Those who compete for public contracts have a legally enforceable right to expect a transparent and even-handed tendering process. In a case concerning the award of a number of regional road-surfacing contracts, however, the High Court found that the playing field was far from level.
A civil engineering company launched proceedings after six of the eight contracts on offer were awarded to a rival bidder. It sought damages from the public authority concerned on the basis that lawful compliance with the Public Contracts Regulations 2006 would have resulted in a very different outcome.
Ruling on the matter, the Court noted that the rules of such competitions are required to be clear, precise and unequivocal. However, the rules applied in the instant case were opaque, imprecise, equivocal and lacking in detail. The process was certainly not transparent and the reality was that there were no rules.
The rival was allowed to submit identical tenders in respect of seven of the contracts although it had the resources necessary to fulfil, at most, four of them. After winning six of the contracts, it was permitted to withdraw from two of them. Those contracts were awarded to runners-up in the process.
The rival was invested with complete discretion as to which of the contracts it chose to discard and that necessarily meant that runners-up were treated neither equally nor transparently. The rival’s freedom to select which of the contracts it would perform also offended against the principle of non-discrimination.

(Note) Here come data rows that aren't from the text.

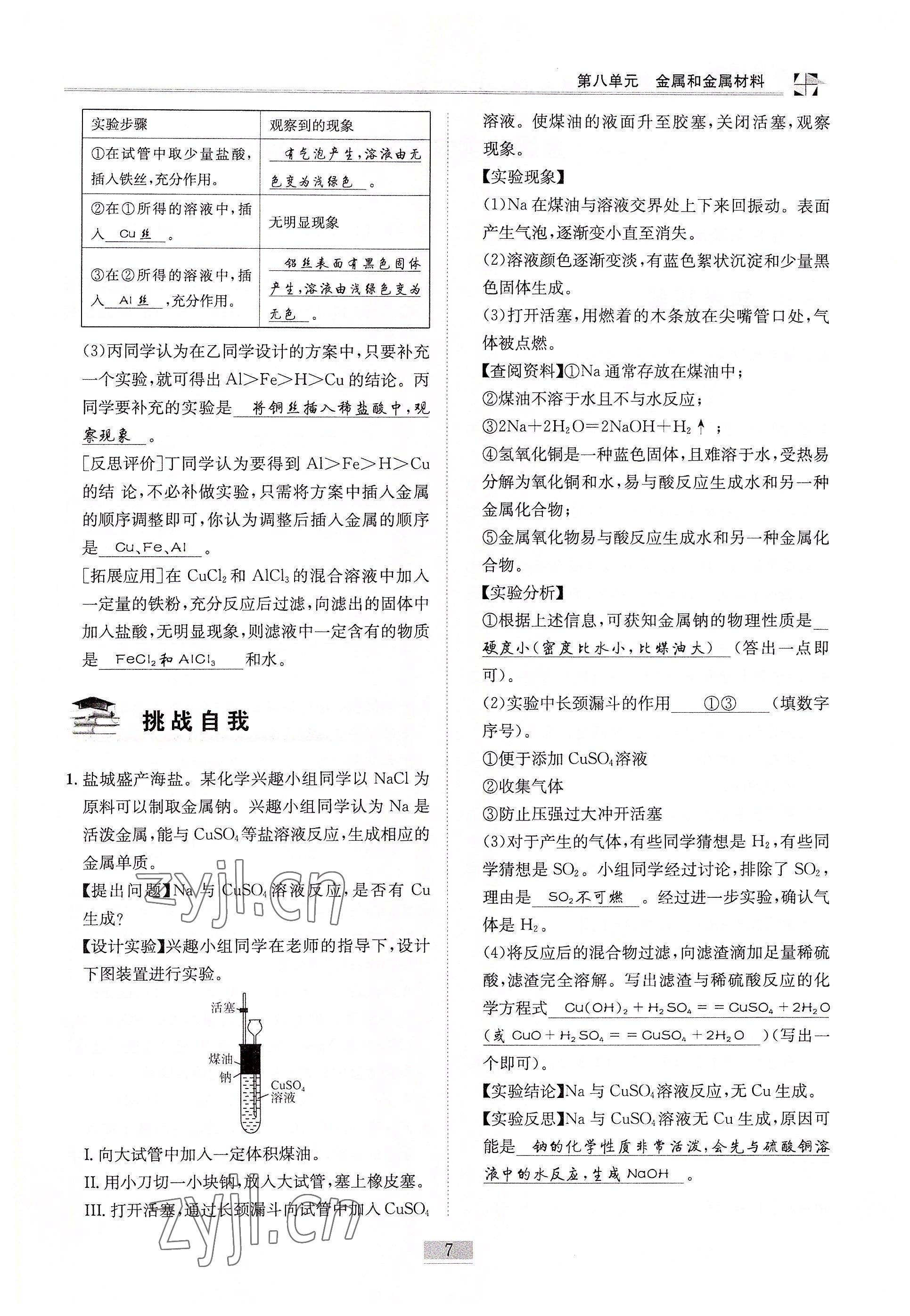2022年名師課堂課時優(yōu)化精講精練九年級化學(xué)下冊人教版 參考答案第7頁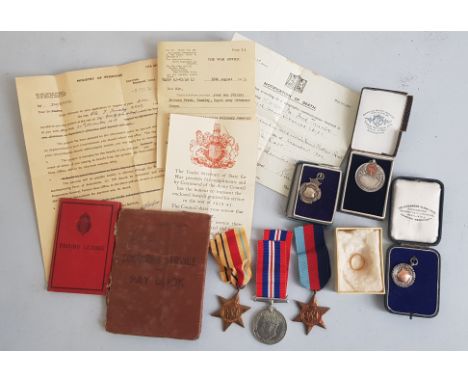A WW2 medal group for 7611931 PTE Fred Tansley Royal Army Ordnance Corps with a notification of death and a E.2 form With Mr 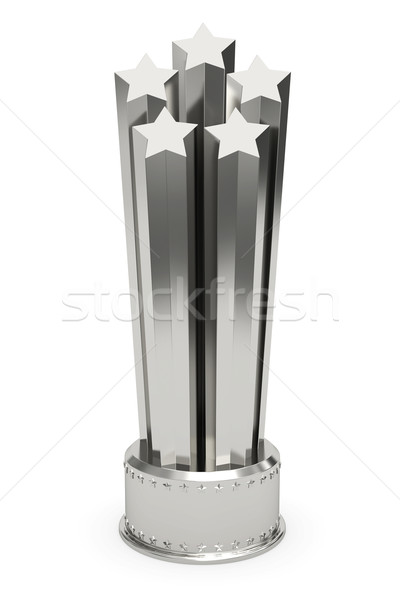 Silver stars prize on pedestal isolated on white Stock photo © oneo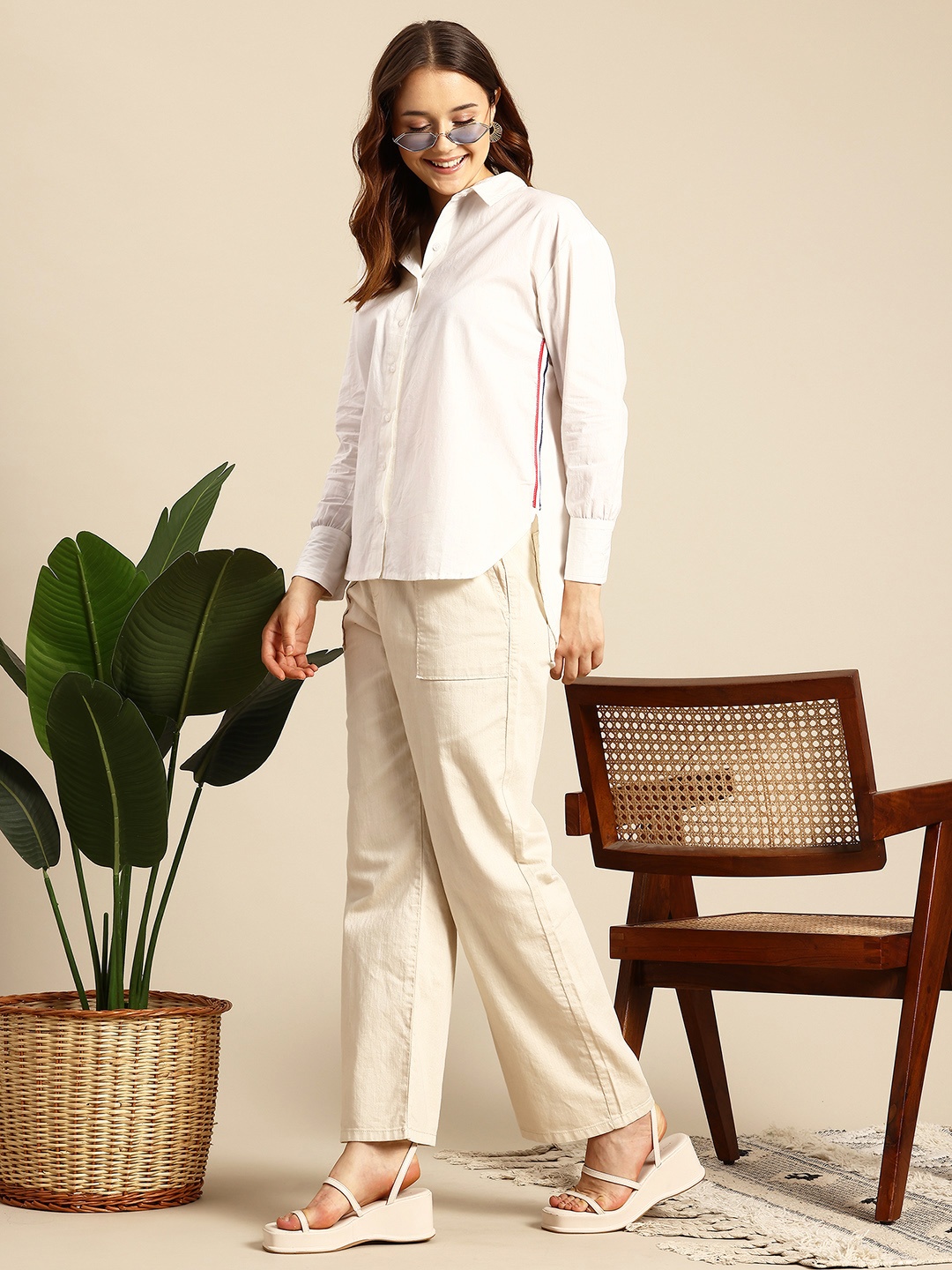 

Mast & Harbour Pure Cotton Side-Striped High-Low Shirt, White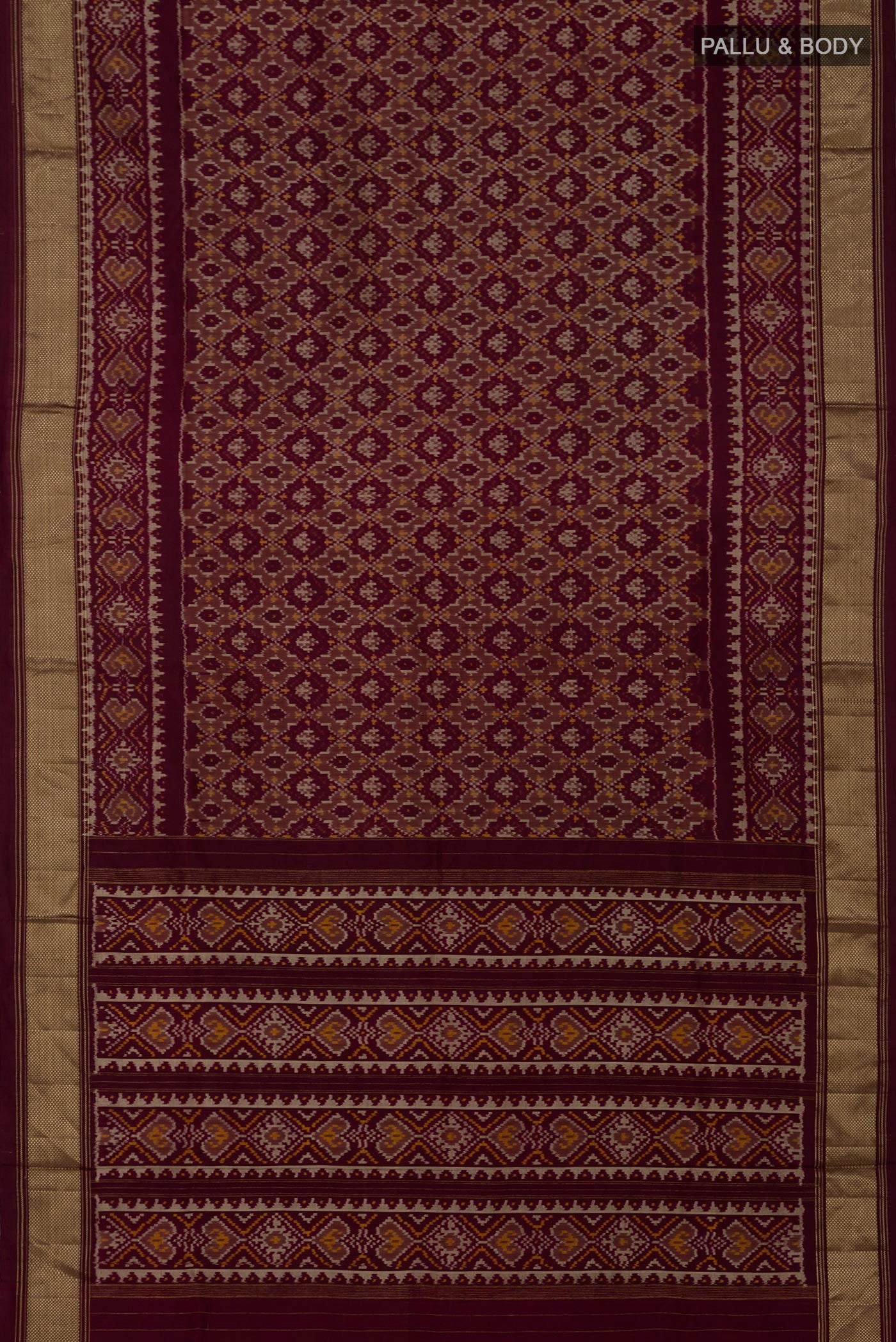 Flat view of Coffee Brown Pochampally Saree with Ikat design on the body and Zari Border. 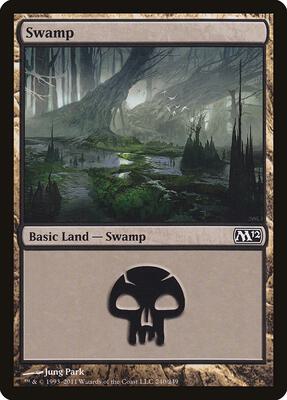 Swamp (240) card from Magic 2012 (M12)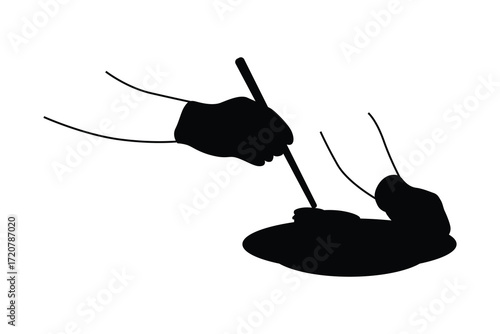Vector illustration of a chef silhouette plating dessert on a plate.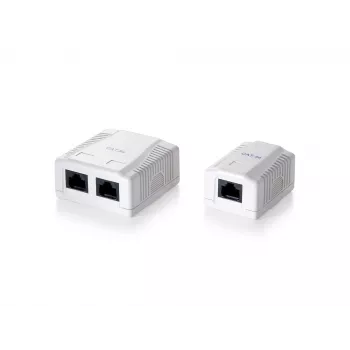 Equip 2 prievadų Cat.5e paviršinė montavimo dėžutė, RJ-45, 5e, balta, 59 mm, 29,5 mm, 61 mm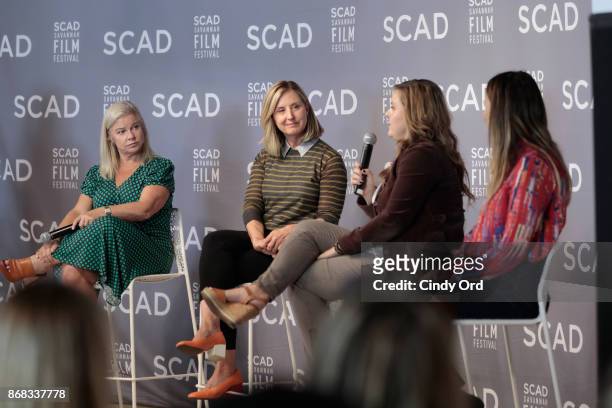Producers Alison Owen, Cathy Konrad, Kaila York, and Francesca Silvestri onstage at Wonder Women Panel Series: Producers during 20th Anniversary SCAD...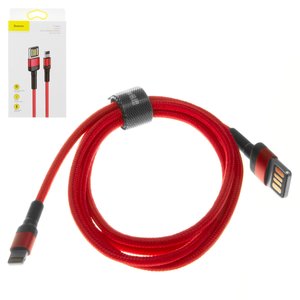 USB кабель Baseus Cafule, USB тип A, Lightning, 100 см, 2,4 А, красный, в нейлоновой оплетке, #CALKLF G09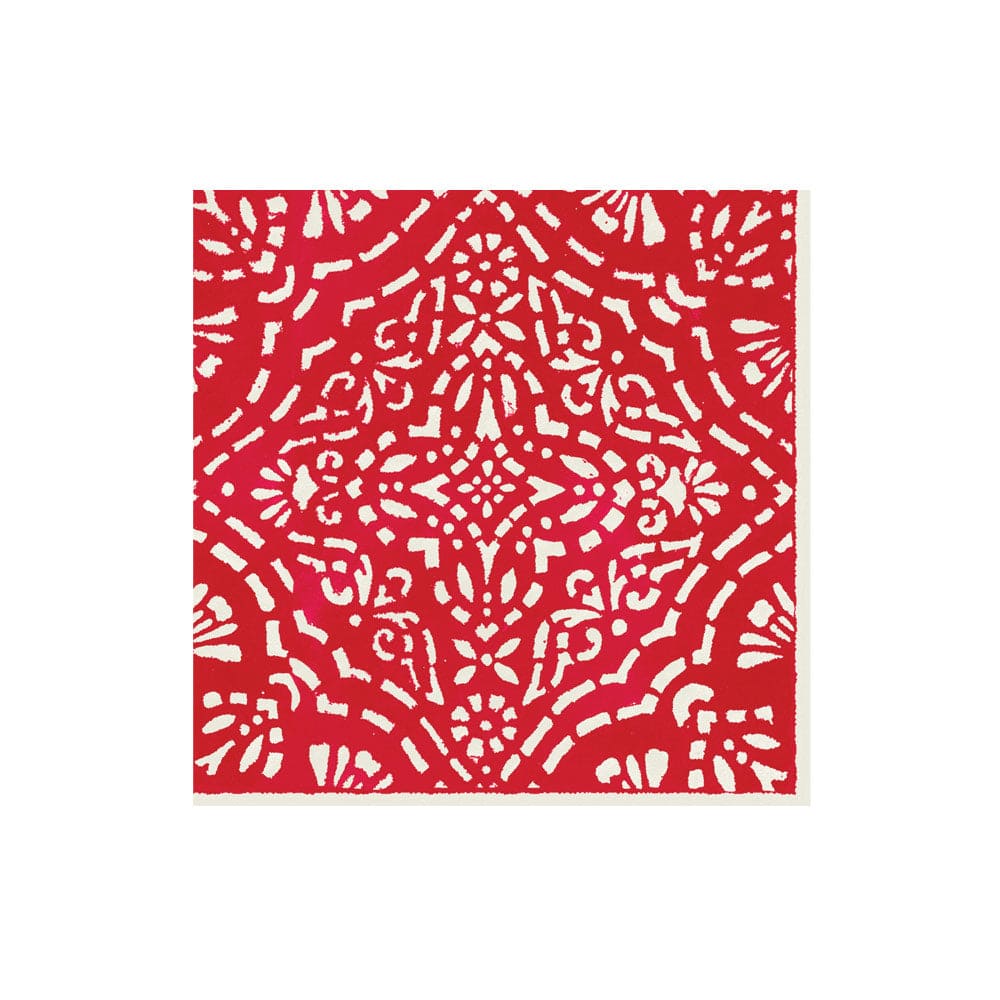 Packaged Caspari triple-ply cocktail napkins featuring museum artwork designs.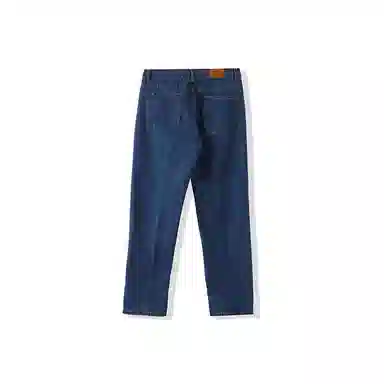 我是大卫 韩版休闲直筒宽松垂感水洗牛仔裤 男女同款 深蓝色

The Court found that the public authority fell into manifest error in giving the rival top marks for its answers to two questions in three tenders although it did not have the resources to perform those contracts. The company was prevented from understanding or verifying the mechanism whereby the authority permitted one runner-up to be preferred over another.
Remaining issues in the case, including causation of loss and the availability and quantum of damages, would be considered at a further hearing.